TEMPO Interaktif, Yogyakarta - Ketua Mahkamah Konstitusi Mahfud MD mengatakan aktivitas cuci otak yang dilakukan jaringan organisasi NII terhadap sejumlah siswa dan mahasiswa di Indonesia merupakan bukti adanya aktivitas makar yang jelas.
Menurut Mahfud, pemerintah harus segera menindak tegas seluruh pelaku cuci otak yang tujuannya menanamkan ide perlawanan terhadap ideologi negara Pancasila secara paksa itu.
Perlawanan terhadap ideologi negara bebas, kata Mahfud, dilakukan apabila masih dalam bentuk pemikiran karena itu merupakan bagian dari demokrasi. Namun, apabila ide itu sudah dijalankan dalam bentuk langkah nyata seperti meledakkan bom, mencuci otak, dan membuat rekening untuk penggalangan dana yang bertujuan melawan ideologi negara, hal itu bisa disebut makar.

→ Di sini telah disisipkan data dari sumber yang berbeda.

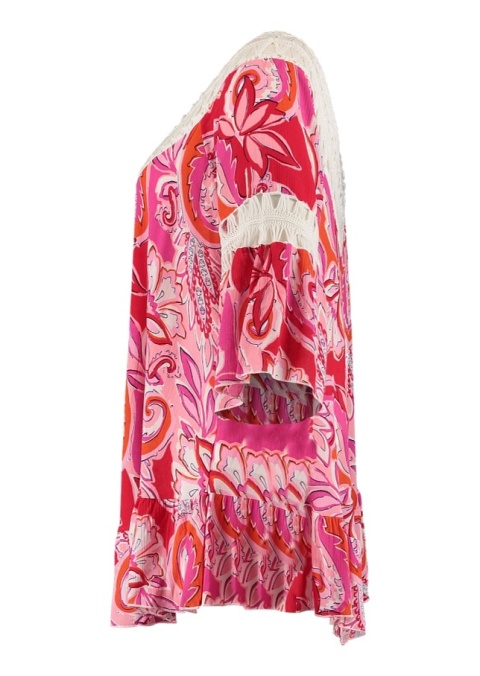 Z-ONE PIĘKNA RÓŻOWA BLUZKA TUNIKA BOHO HAFTY ZO88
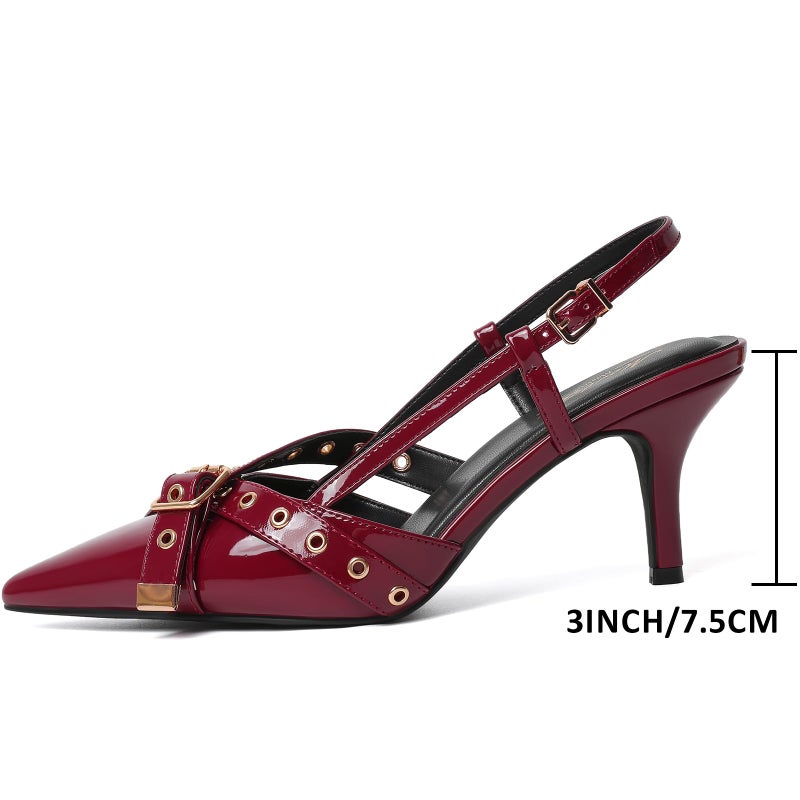 Mostrin Burgundy Slingback Kitten Heels for Women Dark Red Studded Heeled Pumps Pointed Closed Toe Heels Vintage Stiletto Pumps Shoes - Image 2
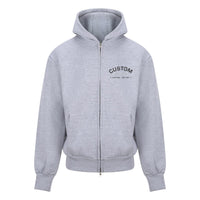 Cool Flo Custom Edition Heather Grey Zip Hoody with black and silver-grey left-chest embroidery.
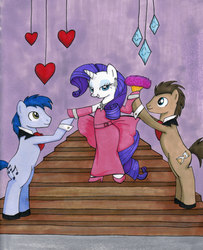 Size: 2524x3102 | Tagged: safe, artist:thedarklordkeisha, blues, doctor whooves, noteworthy, rarity, time turner, g4, clothes, high heels, stockings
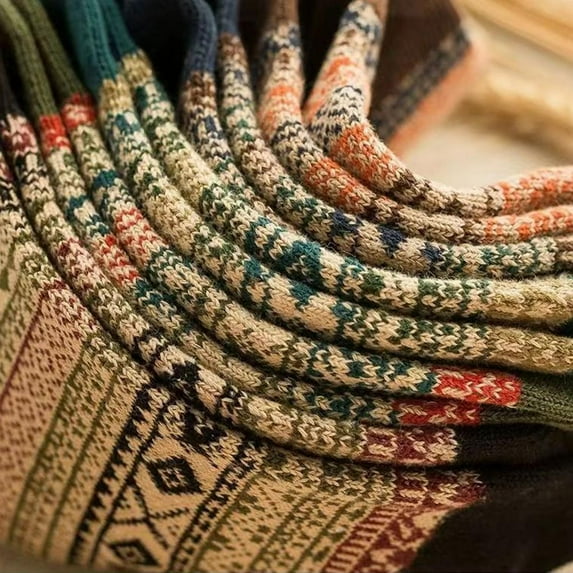 QHUDLV Men Thick Socks Ethnic Retro High Quality Winter Warm Breathable Sock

"Pengeboman, cuci otak, dan pembuatan rekening itu jelas makar dan harus segera ditindak," ujar Mahfud seusai menguji disertasi Khoirudin, mahasiswa program doktoral pascasarjana Hukum UII, bersama anggota DPR RI Gayus Lumbun, Senin, 2 Mei 2011.
Menurut Mahfud, tindakan tegas terhadap jaringan NII memang sulit karena organisasi ini bergerak di bawah tanah dan bukan termasuk organisasi resmi. Tapi, katanya, buktinya sudah ada dan secara jelas mereka menanamkan ide bahwa di Indonesia tidak ada masyarakat Islam dan hanya ada masyarakat Pancasila, sehingga harus dilawan.
"Seratus enam puluhan anak-anak sekolah dan mahasiswa telah terbukti dicuci otaknya. Jadi, tentu bisa dilacak pelaku-pelakunya," kata Mahfud.
Dia mengusulkan semua kampus di Indonesia menggiatkan pengajaran mata kuliah civic education untuk memperkuat pemahaman mahasiswa terhadap ideologi negara.
Upaya ini, menurutnya, akan memperkecil peluang kemunculan pengaruh ideologi organisasi yang melawan ideologi Pancasila. "Saat ini Pancasila saja banyak tidak dihafal oleh mahasiswa," ucapnya.
Pada kesempatan lain, Direktur Kemahasiswaan UGM, Sentot Haryono, mengatakan agak kecewa dengan kinerja kepolisian yang terkesan lamban dalam menangkal perluasan aktivitas NII mengingat gejalanya sudah lama muncul, terutama di Yogyakarta.
"Kesannya, aparat keamanan baru bertindak saat kasus NII meledak dan muncul di banyak media. Jadi, memang agak telat," kata Haryono di sela-sela acara sarasehan nasional 2011 tentang implementasi nilai-nilai Pancasila dalam menegakkan konstitusionalitas Indonesia hari ini.
Menurut Haryono, UGM telah berkoordinasi dengan semua civitas akademika di kampus itu untuk melakukan tindakan preventif mencegah meluasnya paham NII di kalangan mahasiswa.
Kata dia, UGM kini memfokuskan perhatian untuk mengkonsolidasikan semua unit kegiatan mahasiswa bidang kerohanian agar mewaspadai NII. "Tahun ini kami juga akan memasukkan materi anti-NII di booklet yang akan dibagikan terhadap mahasiswa baru," ujarnya.